◆ **SOURCE DATA**:
----
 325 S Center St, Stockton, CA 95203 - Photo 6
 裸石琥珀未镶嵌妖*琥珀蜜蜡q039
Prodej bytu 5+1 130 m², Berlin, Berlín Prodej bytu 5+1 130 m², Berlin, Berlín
----
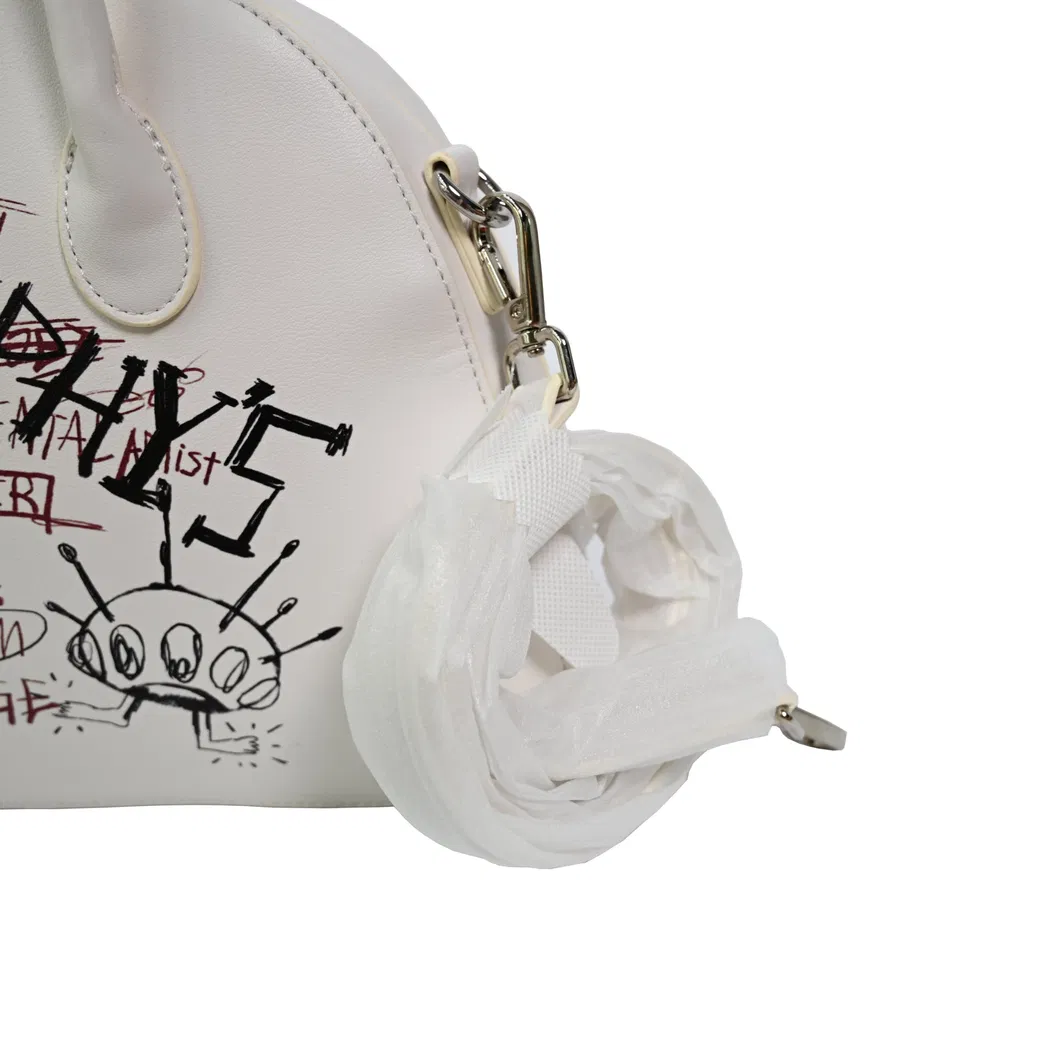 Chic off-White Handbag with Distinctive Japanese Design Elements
----
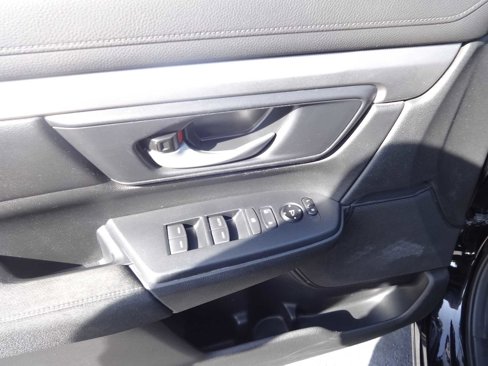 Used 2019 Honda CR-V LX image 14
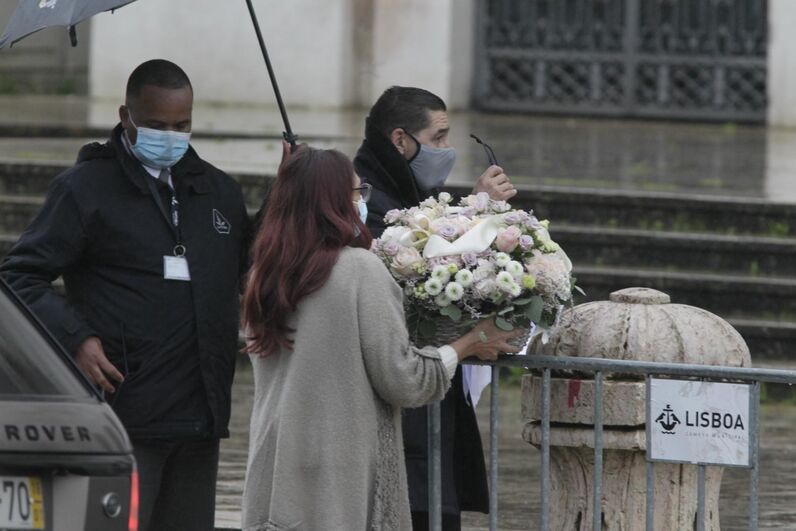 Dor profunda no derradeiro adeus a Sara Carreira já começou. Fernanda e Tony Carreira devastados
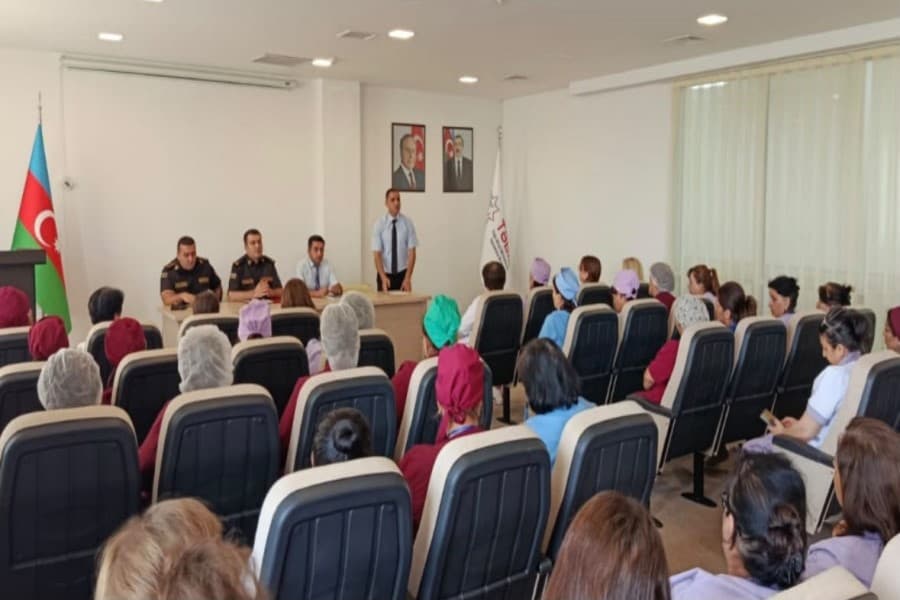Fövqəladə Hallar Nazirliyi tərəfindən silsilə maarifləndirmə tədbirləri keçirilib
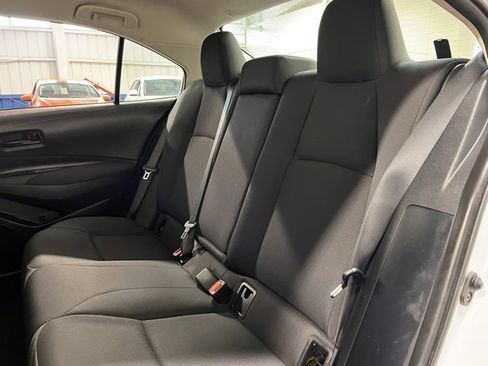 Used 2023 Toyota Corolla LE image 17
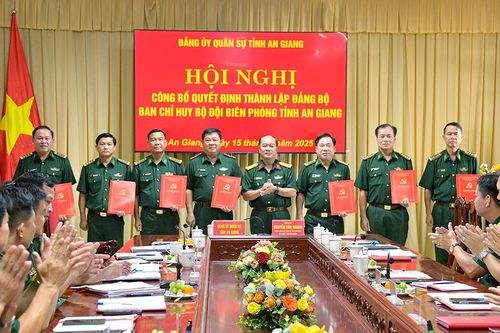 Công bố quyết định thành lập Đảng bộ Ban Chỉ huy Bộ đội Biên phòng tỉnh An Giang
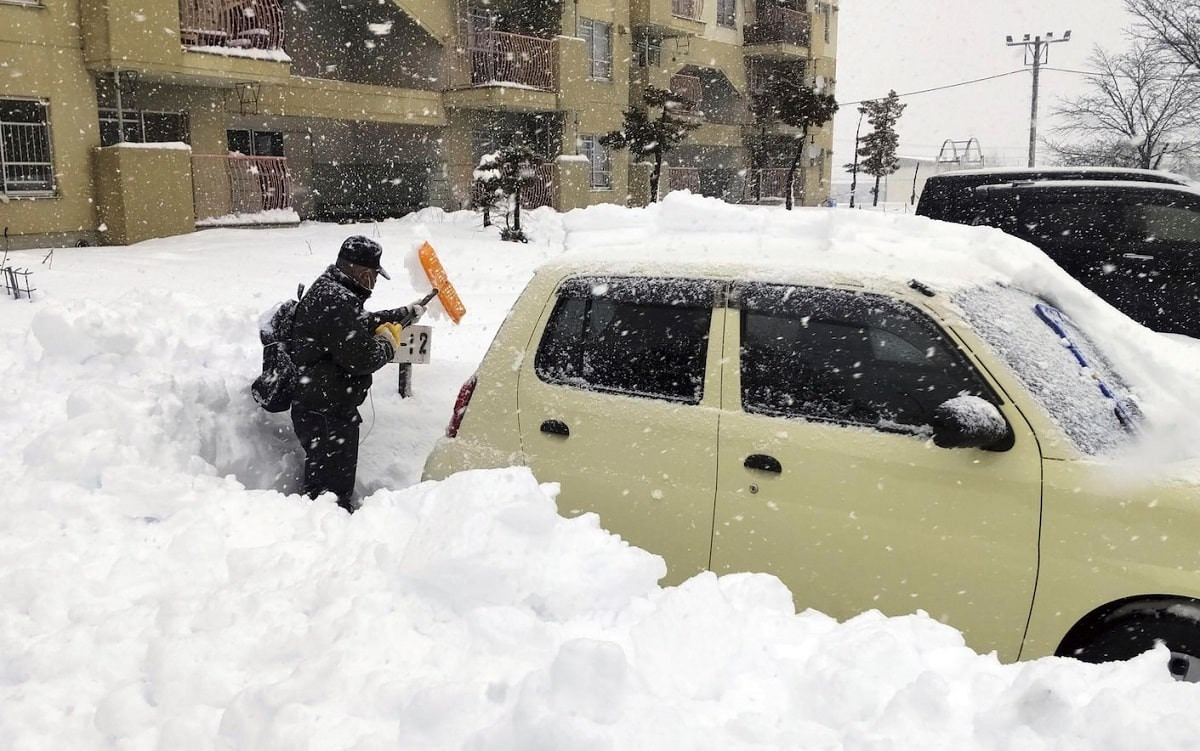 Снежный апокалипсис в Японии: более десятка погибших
----
◆ **HOW TO COMPLETE THIS TASK**: The lines above, starting at the one with "裸石琥珀未镶嵌妖*琥珀蜜蜡q039" and ending at the one with "Prodej bytu 5+1 130 m², Berlin, Berlín Prodej", are the only ones to return, exactly as written.

◆ **SOLUTION TO THE PROBLEM**:
 裸石琥珀未镶嵌妖*琥珀蜜蜡q039
Prodej bytu 5+1 130 m², Berlin, Berlín Prodej bytu 5+1 130 m², Berlin, Berlín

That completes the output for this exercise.